WHAT THIS TASK INVOLVES: Would you transcribe the entries below, beginning at the line with "Una playa con" and ending after the line with "European woman reading", exactly, with no picture and nothing more?

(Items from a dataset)
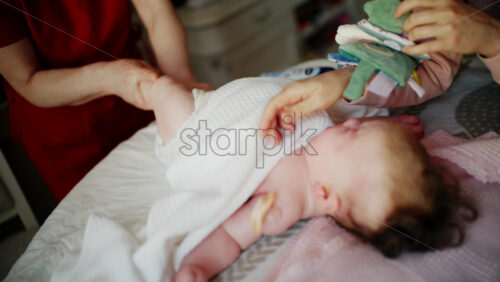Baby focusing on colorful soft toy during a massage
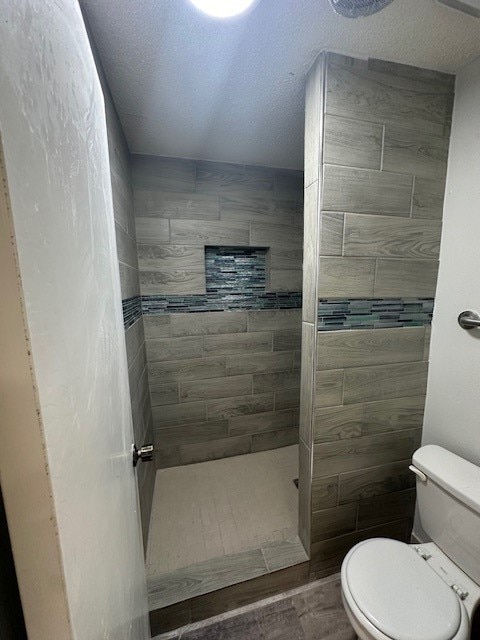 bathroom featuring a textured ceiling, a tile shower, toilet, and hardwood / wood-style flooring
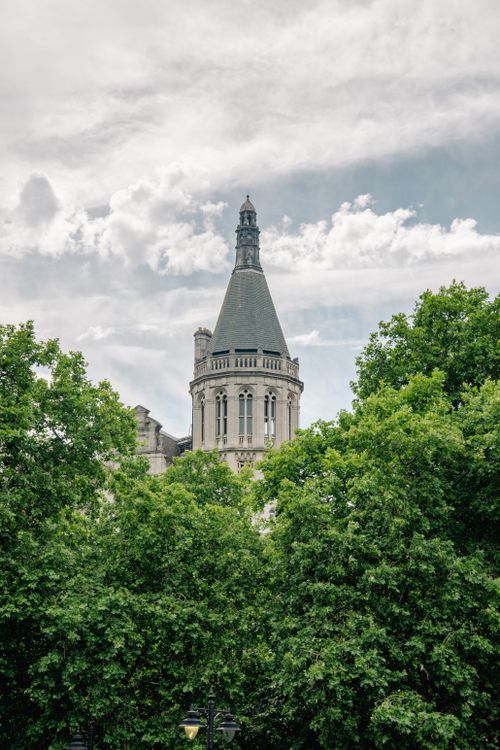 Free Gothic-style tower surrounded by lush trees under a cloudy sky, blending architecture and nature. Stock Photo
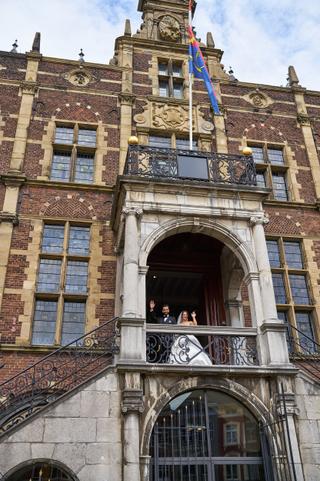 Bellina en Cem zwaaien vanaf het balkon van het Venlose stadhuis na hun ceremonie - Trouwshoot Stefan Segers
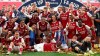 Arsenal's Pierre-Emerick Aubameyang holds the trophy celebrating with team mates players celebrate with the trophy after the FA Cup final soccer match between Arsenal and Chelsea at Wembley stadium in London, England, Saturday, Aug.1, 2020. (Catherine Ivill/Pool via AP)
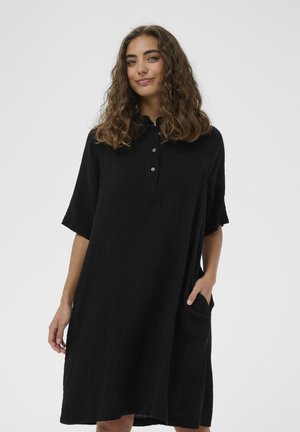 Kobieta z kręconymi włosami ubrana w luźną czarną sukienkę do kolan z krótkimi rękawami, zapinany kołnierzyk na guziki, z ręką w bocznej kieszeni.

* * *

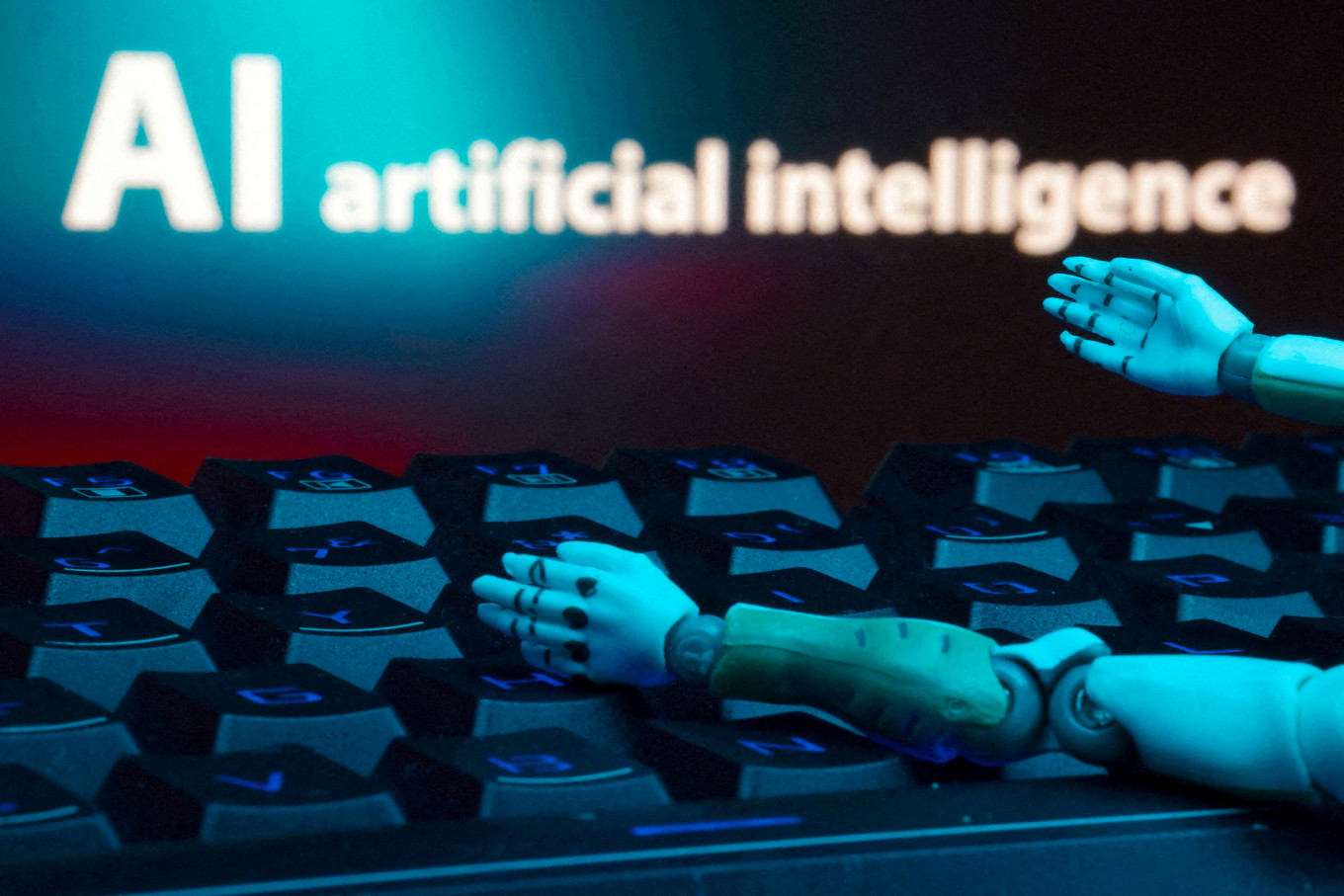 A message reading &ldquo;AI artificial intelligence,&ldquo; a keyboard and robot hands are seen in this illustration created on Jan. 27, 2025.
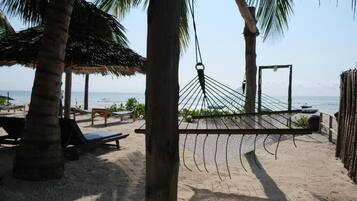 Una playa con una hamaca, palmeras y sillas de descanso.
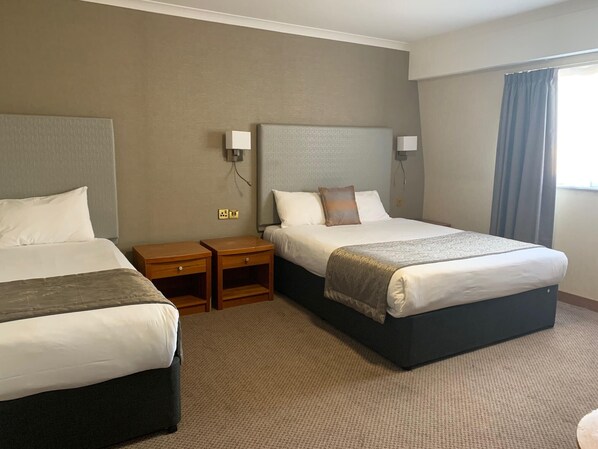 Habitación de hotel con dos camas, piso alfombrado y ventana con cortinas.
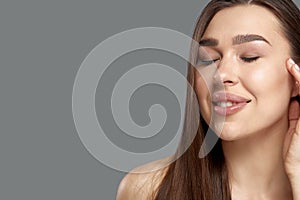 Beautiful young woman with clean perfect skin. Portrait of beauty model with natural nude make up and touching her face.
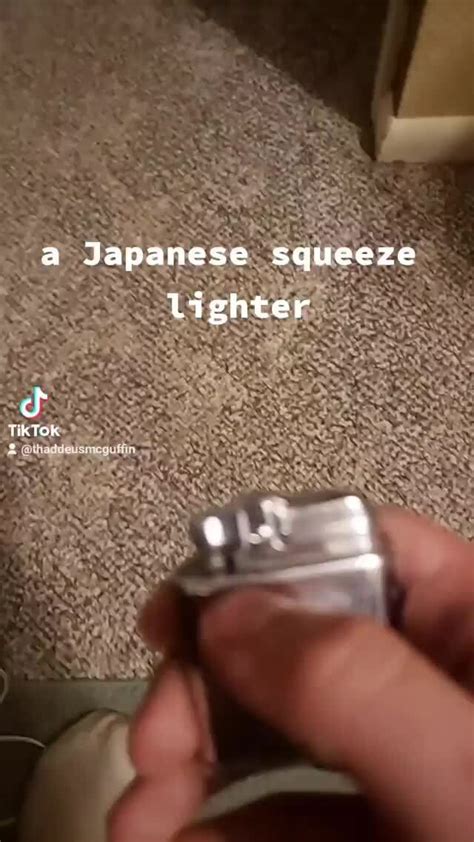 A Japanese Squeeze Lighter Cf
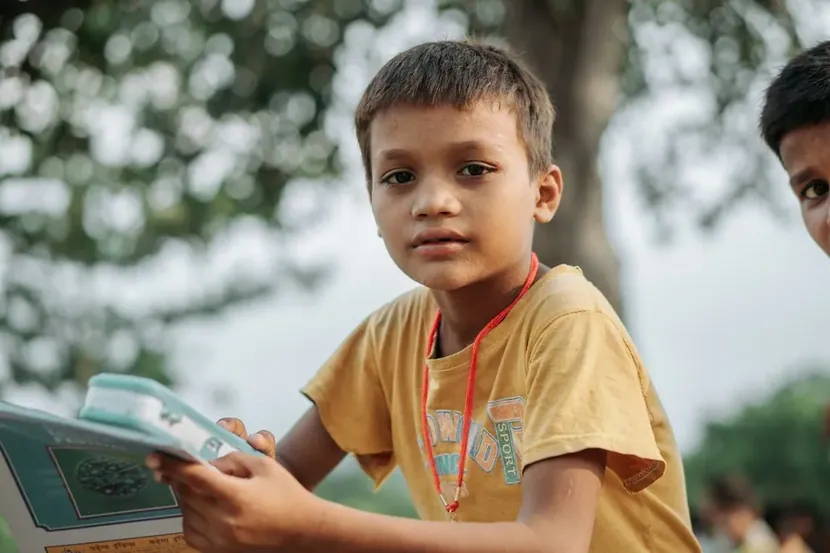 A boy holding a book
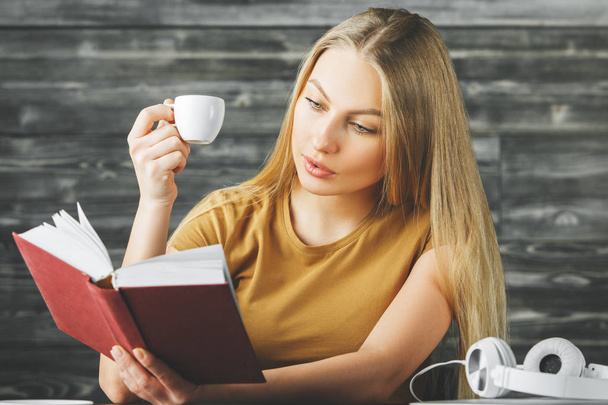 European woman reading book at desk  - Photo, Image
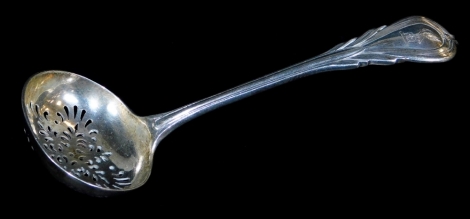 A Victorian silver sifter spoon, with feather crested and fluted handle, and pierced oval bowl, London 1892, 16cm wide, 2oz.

OUTPUT:
 Una playa con una hamaca, palmeras y sillas de descanso.
 Habitación de hotel con dos camas, piso alfombrado y ventana con cortinas.
 Beautiful young woman with clean perfect skin. Portrait of beauty model with natural nude make up and touching her face.
 A Japanese Squeeze Lighter Cf
 A boy holding a book
 European woman reading book at desk  - Photo, Image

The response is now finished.